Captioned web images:
────────

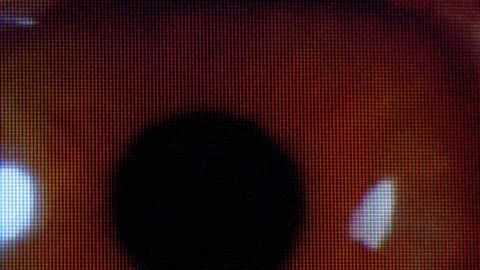 Human Eye on TV Screen Pixels Fluctuates with Color. RGB Monitor Pixels Effect. Video stock 129822184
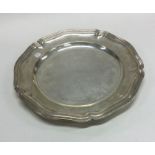 A large circular silver dinner plate with reeded r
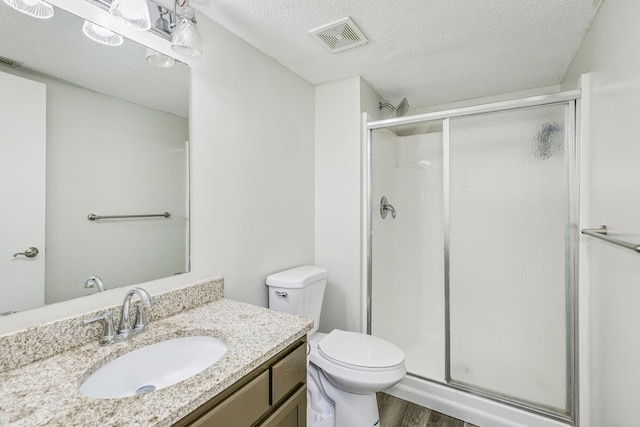 18095 Exeter Pl, Farmington, MN 55024 - full bath featuring a shower stall, vanity, wood finished floors, toilet, and a textured ceiling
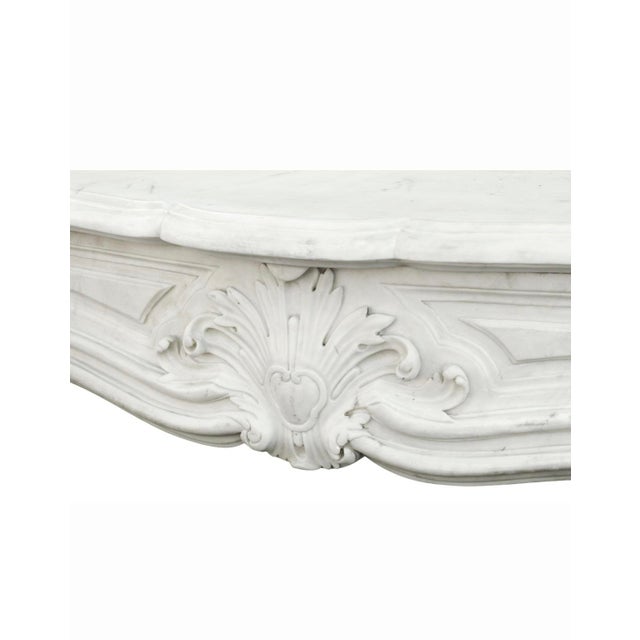 A stunning antique French Louis XV-style fireplace mantel crafted entirely of white marble with elegant gray veining....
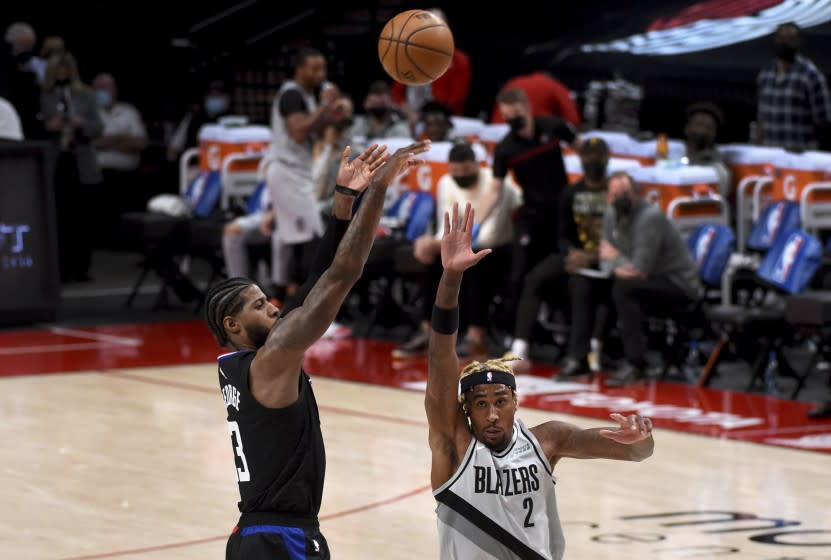 Los Angeles Clippers guard Paul George, left, hits a shot over Portland Trail Blazers forward Rondae Hollis-Jefferson, right, during the first half of an NBA basketball game in Portland, Ore., Tuesday, April 20, 2021. (AP Photo/Steve Dykes)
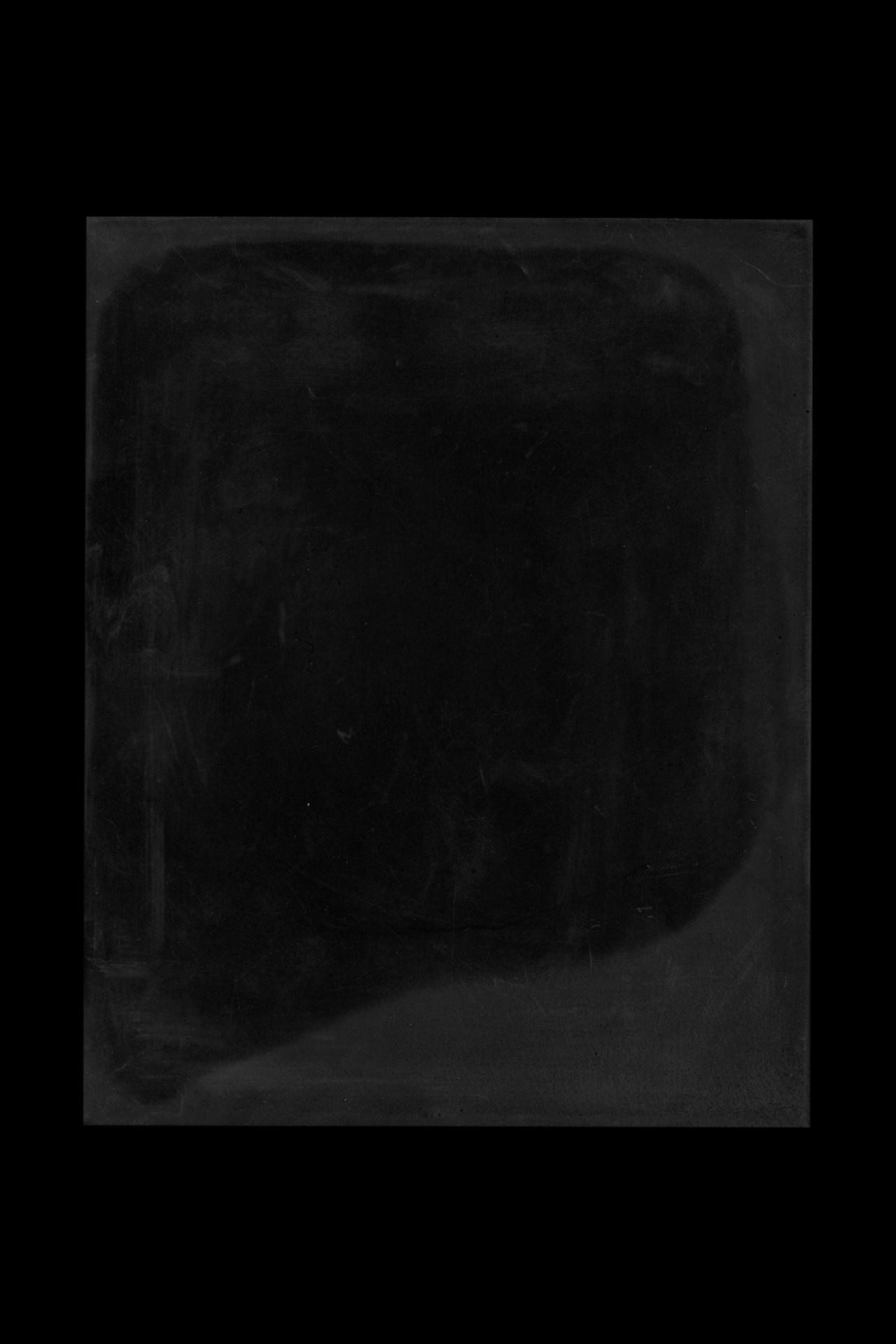 Black mirror sculpture, with subtle change in reflectiveness across the surface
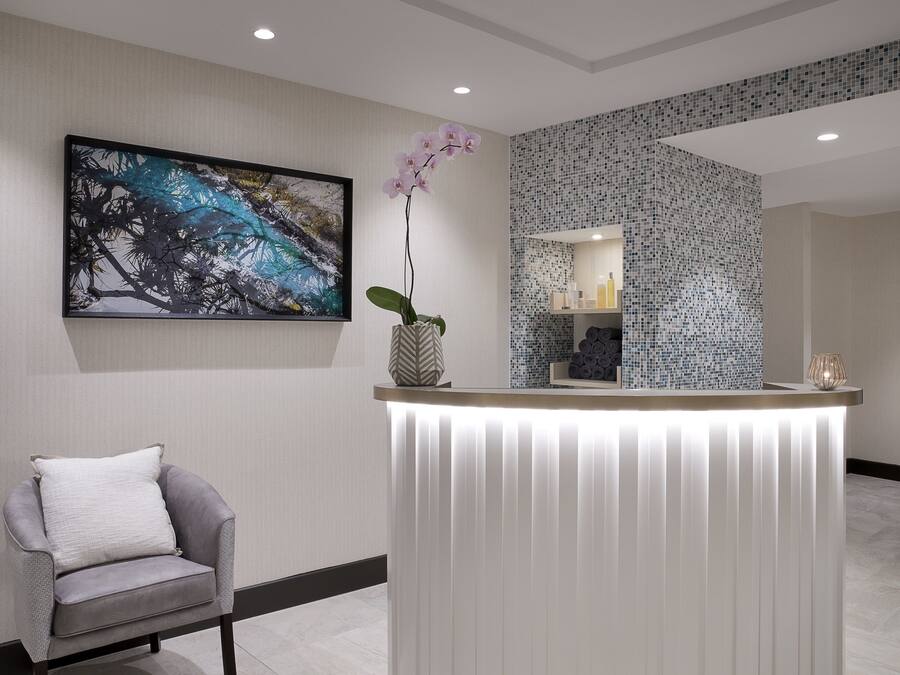 A reception area with a modern reception desk, a chair, a large abstract painting, and a decorative orchid.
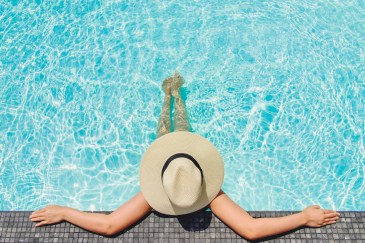 Woman sitting in a pool
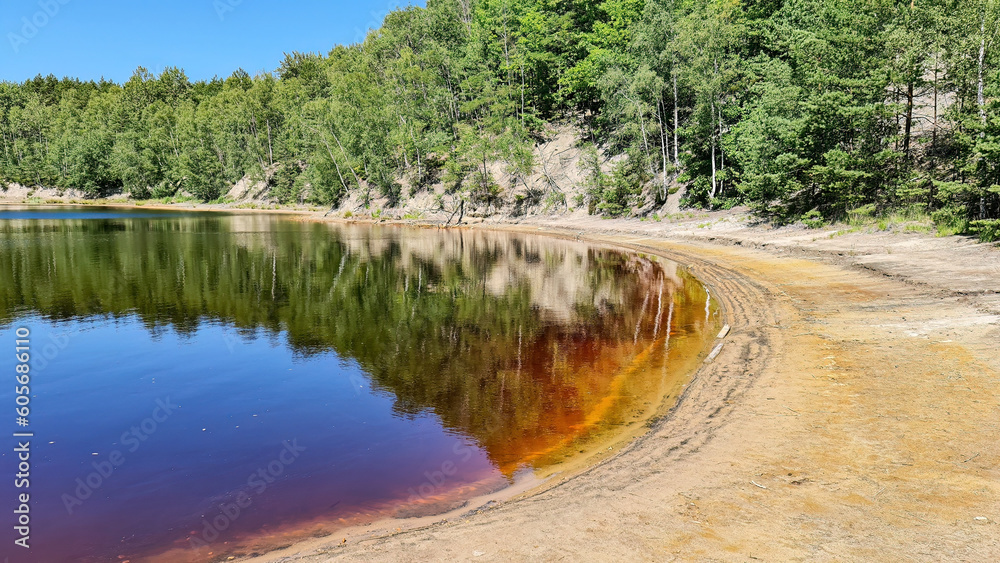 Red, yellow and blue, colorful waters of the Afryka lake in the Muskau Bend, the remins of the minining activity at the area. Red, yellow and blue, colorful waters of the Afryka lake in the Muskau Bend, the remins of the minining activity at the area.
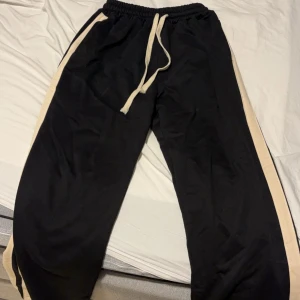 Svarta mjukisbyxor med vita ränder - Ett par svarta mjukisbyxor med vita ränder längs sidorna. Byxorna har en elastisk midja med dragsko för justering.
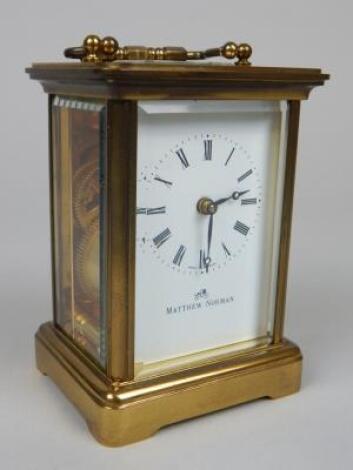 A modern brass and bevelled glass carriage timepiece by Matthew Norman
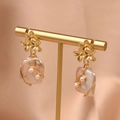 Elegant gold flower earrings with baroque pearls on a professional display stand - Baroque Pearl Drop Earrings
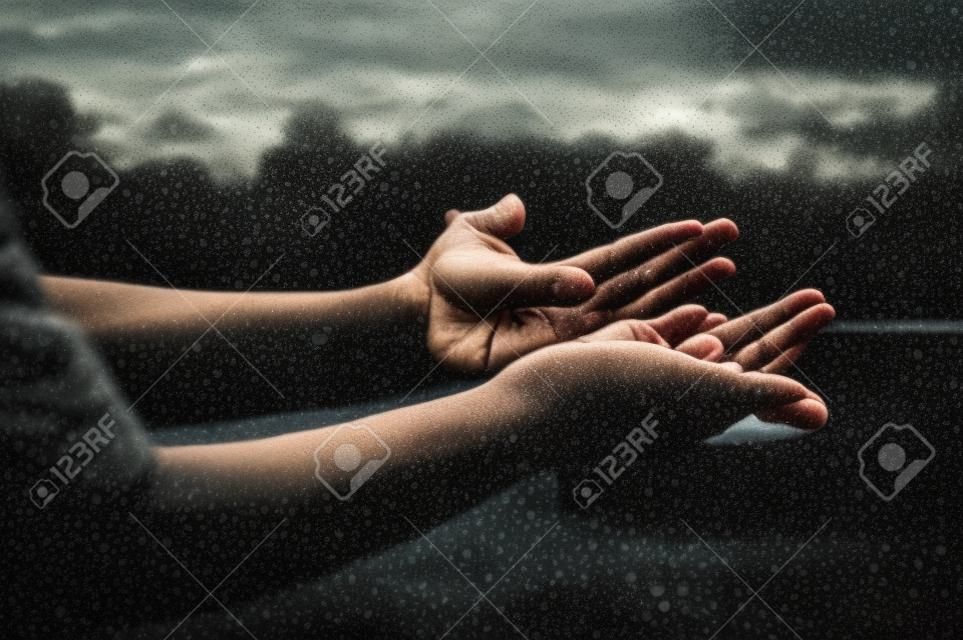 Mãos de mulher orando por bênção de Deus, fundo de natureza turva, chuva, dia. Mãos vazias abertas humanas religiosas com as palmas das mãos para cima. Gratidão, adoração ao pregador, oração de solidão, conceito de devoção religiosa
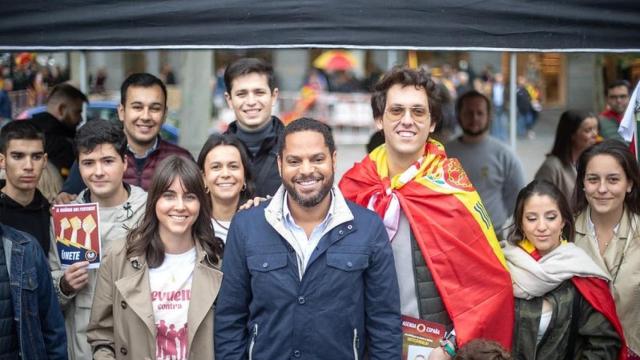 Ignacio Garriga, secretario general de Vox, junto a jóvenes de Revuelta, el pasado 29 de octubre en la madrileña Plaza de Colón.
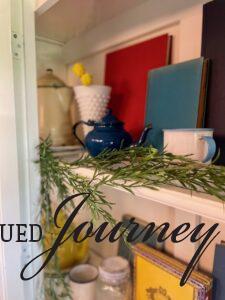 vintage enamelware and books styled into a hutch for Summer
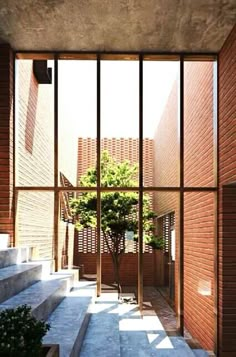 an open door leading into a courtyard with stairs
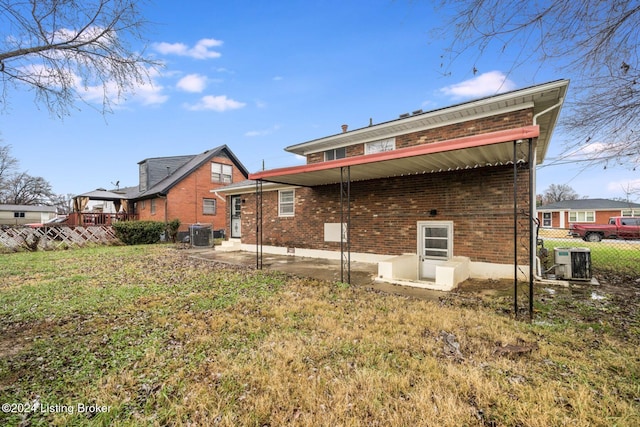 back of property with a patio, a yard, and central air condition unit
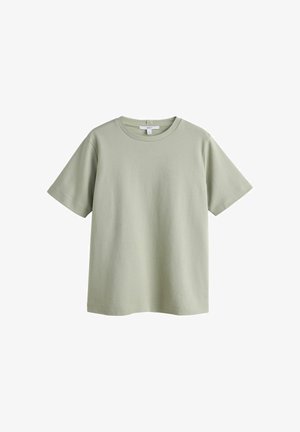 Világoszöld rövid ujjú pamut póló kerek nyakkivágással és egy kis márkajelzéssel a gallér belsejében.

────────

Your instructions: Please transcribe, word for word, every line from the first line of the records above through the line containing "18095 Exeter Pl, Farmington, MN", and leave out any pictures.

Task output:
 Human Eye on TV Screen Pixels Fluctuates with Color. RGB Monitor Pixels Effect. Video stock 129822184
 A large circular silver dinner plate with reeded r
 18095 Exeter Pl, Farmington, MN 55024 - full bath featuring a shower stall, vanity, wood finished floors, toilet, and a textured ceiling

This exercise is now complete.